— Problem description —
Could you please output all of the data exactly, without the images?

— Stored records —
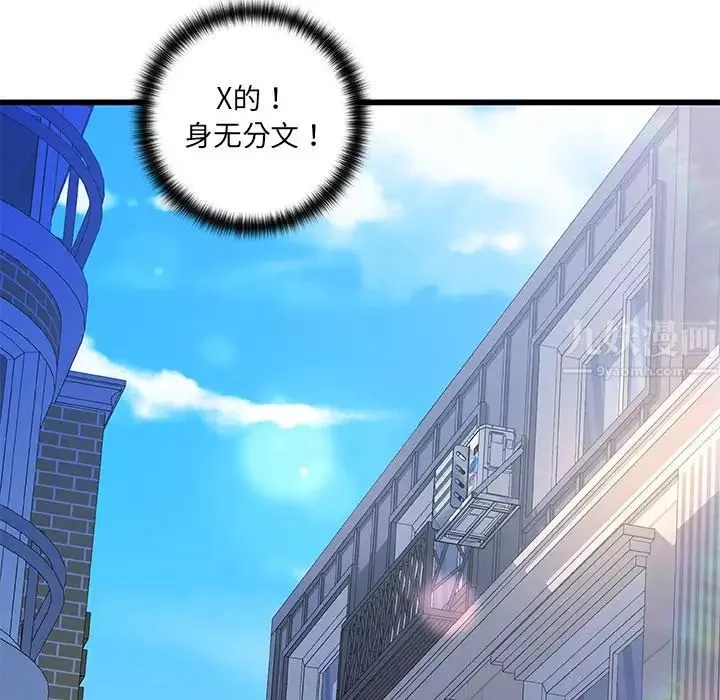 故鄉的那些女人第35話-最終話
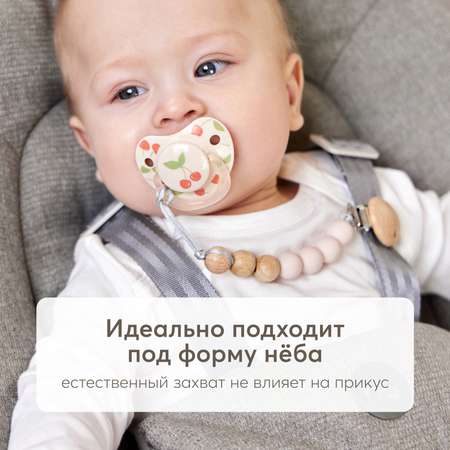 Пустышка симметричная Happy Baby от 1года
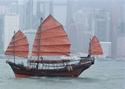 Chinese Junk
Picture # 1125

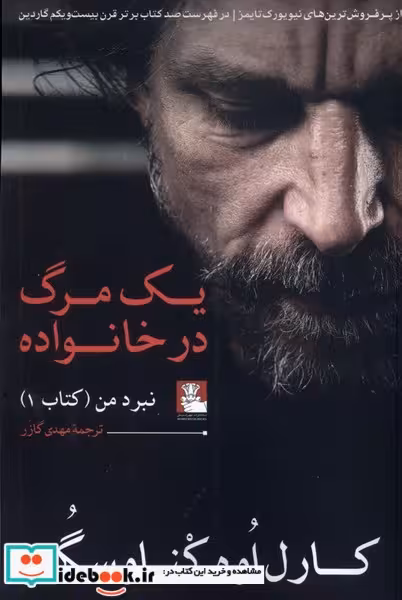 کتاب یک مرگ در خانواده نبرد من مهراندیش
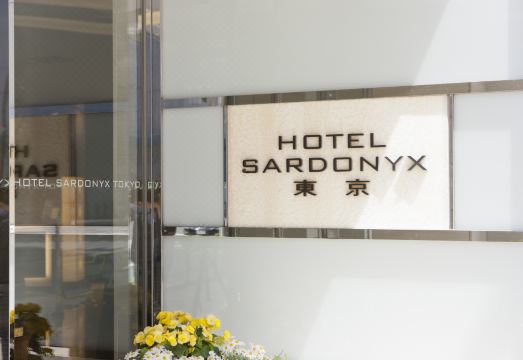 Hotel Sardonyx TokyoHotel Overview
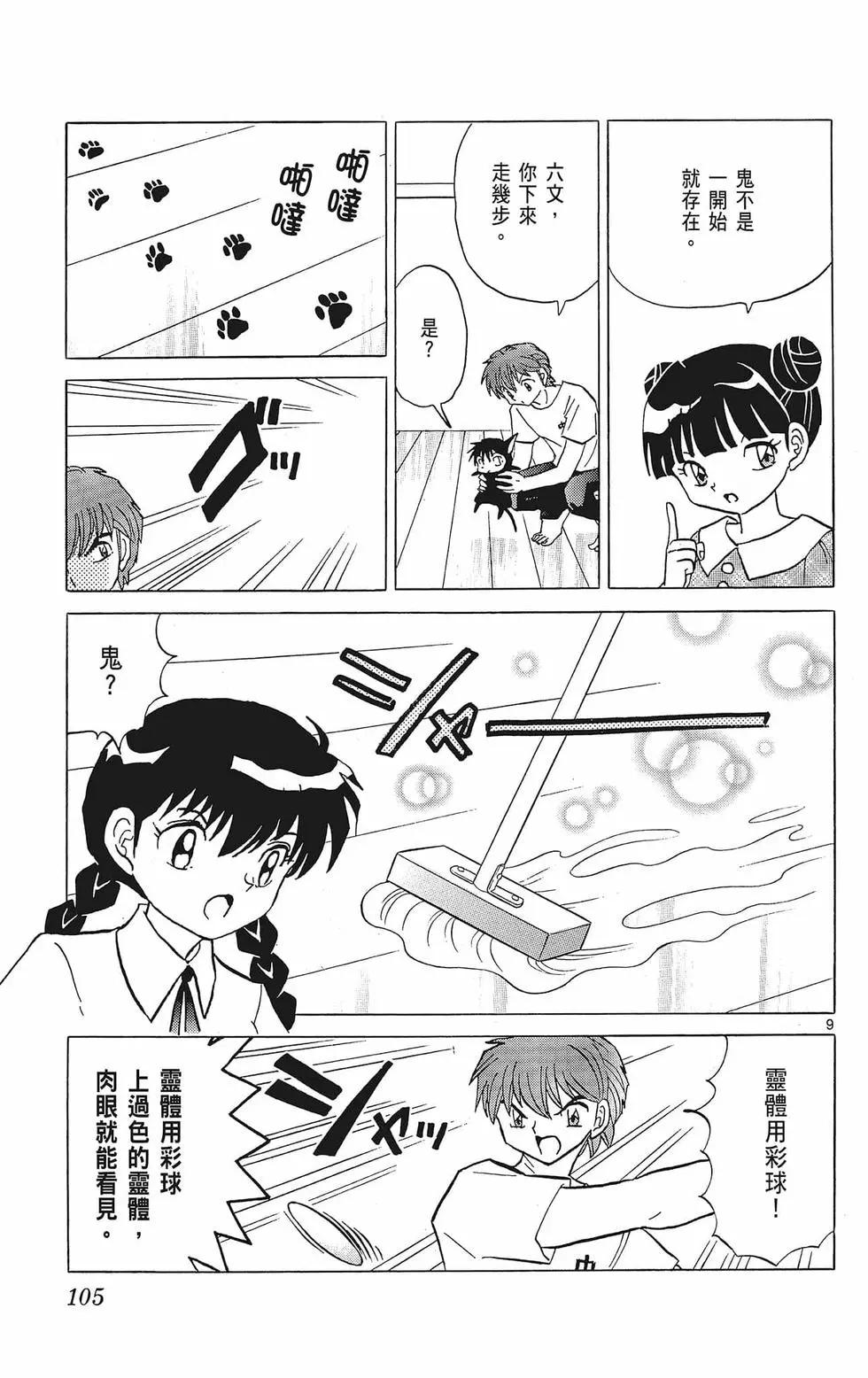 第 107 页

— Solution to this exercise —
 故鄉的那些女人第35話-最終話
 Пустышка симметричная Happy Baby от 1года
 Chinese Junk
Picture # 1125

 کتاب یک مرگ در خانواده نبرد من مهراندیش
 Hotel Sardonyx TokyoHotel Overview
 第 107 页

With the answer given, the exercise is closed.